Что именно вызвало столь резкую реакцию? Неуступчивость Токио, которую нетрудно было представить заранее? Отсутствие ответа из Берлина, которого ждали уже почти месяц? Задержка встречи Деканозова с Гитлером, которой в Москве придавали преувеличенное значение? Во всяком случае, в тупик зашли не только переговоры о пакте, но советско-японские отношения в целом, несмотря на то, что Мацуока периодически приглашал к себе Сметанина для малосодержательных, но зато «задушевных» бесед.[602] Поговорить министр любил – были бы собеседники! Сейчас Москва дала понять, что ждет от Токио радикальных решений. Беседы Молотова и Лозовского с Татэкава по текущим вопросам, состоявшиеся в канун Нового года 27, 28 и 30 декабря, четко показывают это.
Министру ехать в дальний путь
Тогда Мацуока решил действовать сам. Сначала он сменил посла в Берлине, назначив на этот пост «проверенного» Осима вместо непопулярного у нацистской верхушки Курусу. 3 февраля на заседании координационного комитета правительства и императорской ставки он представил вниманию руководства страны «Основные принципы ведения переговоров с Германией, Италией и Советским Союзом». Предлагаемая программа действий ставила главной целью заключение четырехстороннего пакта со следующими позициями в отношении СССР:
«1) Продажа Японии Северного Сахалина (с помощью давления Германии на Советский Союз), или, если это окажется невозможным, поставка Японии 1,5 млн тонн советской нефти, даже если потребуется оказать помощь СССР со стороны японского правительства в добыче.
2) Японское признание советских позиций в Синьцзяне и Внешней Монголии (Монгольской Народной Республике) в ответ на советское признание японских позиций в Северном Китае и Внутренней Монголии; отношения между Синьцзяном, Внешней Монголией и СССР будут решаться между СССР и Китаем .
3) Прекращение советской помощи Чан Кайши.
4) Создание комиссии из представителей Маньчжоу-Го, СССР и Внешней Монголии для определения границы и разрешения конфликтов.
5) Заключение рыболовного соглашения на основе предложений Татэкава о конвенции или аннулирование японских рыболовных концессий, если это окажется необходимым для урегулирования дипломатических отношений между СССР и Японией.
6) Предоставление Советским Союзом железнодорожных вагонов и фрахтовых скидок для обеспечения крупномасштабной японо-германской торговли».[603]
Ничего принципиально нового предложения министра не содержали. Несколько слов надо сказать только по поводу последнего пункта. В декабре 1940 г. Татэкава уже ставил этот вопрос перед Молотовым, но нарком, видя нежелание японской стороны принимать его предложения, не спешил с урегулированием этого вопроса. На что рассчитывал Мацуока, непонятно. На давление Германии? На соблазнительность перспектив «союза четырех», перед которыми должны были отступить все «мелочи»? Может, на личное обаяние?
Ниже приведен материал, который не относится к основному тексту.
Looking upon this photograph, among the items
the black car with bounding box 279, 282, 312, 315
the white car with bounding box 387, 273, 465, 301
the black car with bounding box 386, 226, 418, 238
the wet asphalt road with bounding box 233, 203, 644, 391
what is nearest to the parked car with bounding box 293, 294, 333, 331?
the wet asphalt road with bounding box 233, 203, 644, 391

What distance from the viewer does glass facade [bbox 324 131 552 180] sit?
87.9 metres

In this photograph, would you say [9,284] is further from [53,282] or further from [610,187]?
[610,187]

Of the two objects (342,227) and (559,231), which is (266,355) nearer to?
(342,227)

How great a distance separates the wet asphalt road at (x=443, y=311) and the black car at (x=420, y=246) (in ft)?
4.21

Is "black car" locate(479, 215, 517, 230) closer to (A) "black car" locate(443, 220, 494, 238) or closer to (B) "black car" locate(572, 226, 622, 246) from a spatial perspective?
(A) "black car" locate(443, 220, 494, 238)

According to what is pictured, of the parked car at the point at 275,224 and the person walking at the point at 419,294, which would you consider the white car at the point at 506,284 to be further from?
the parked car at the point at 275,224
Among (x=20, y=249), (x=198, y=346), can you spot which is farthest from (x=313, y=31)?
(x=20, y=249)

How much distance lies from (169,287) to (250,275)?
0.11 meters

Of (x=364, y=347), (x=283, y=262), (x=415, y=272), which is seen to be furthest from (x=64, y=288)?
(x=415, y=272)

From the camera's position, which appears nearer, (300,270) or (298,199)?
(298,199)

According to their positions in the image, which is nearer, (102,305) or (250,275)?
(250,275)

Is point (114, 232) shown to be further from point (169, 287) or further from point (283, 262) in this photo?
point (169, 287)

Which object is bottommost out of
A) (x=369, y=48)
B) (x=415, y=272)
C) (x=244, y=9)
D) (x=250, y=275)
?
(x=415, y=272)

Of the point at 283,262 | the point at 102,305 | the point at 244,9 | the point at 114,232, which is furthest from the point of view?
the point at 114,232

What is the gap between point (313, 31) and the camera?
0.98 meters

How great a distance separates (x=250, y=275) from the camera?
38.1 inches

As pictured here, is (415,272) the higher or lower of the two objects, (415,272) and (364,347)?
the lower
Премьер Коноэ поддержал эти инициативы. Убежденный противник коммунизма, опасавшийся его проникновения в Японию, он настороженно относился к двустороннему сближению с СССР, но охотно согласился на «пакт четырех», предполагая, что это, во-первых, предотвратит вступление США в войну (чего принц боялся и всеми силами стремился избежать), а во-вторых, многосторонний характер комбинации помешает Советскому Союзу «давить» на Японию. Кроме того, прочный «евразийский блок» будет заведомо непобедим за пределами двух Америк, что открывало пути к реализации глобальных геополитических и геостратегических проектов «меланхолического принца» и его окружения.[604]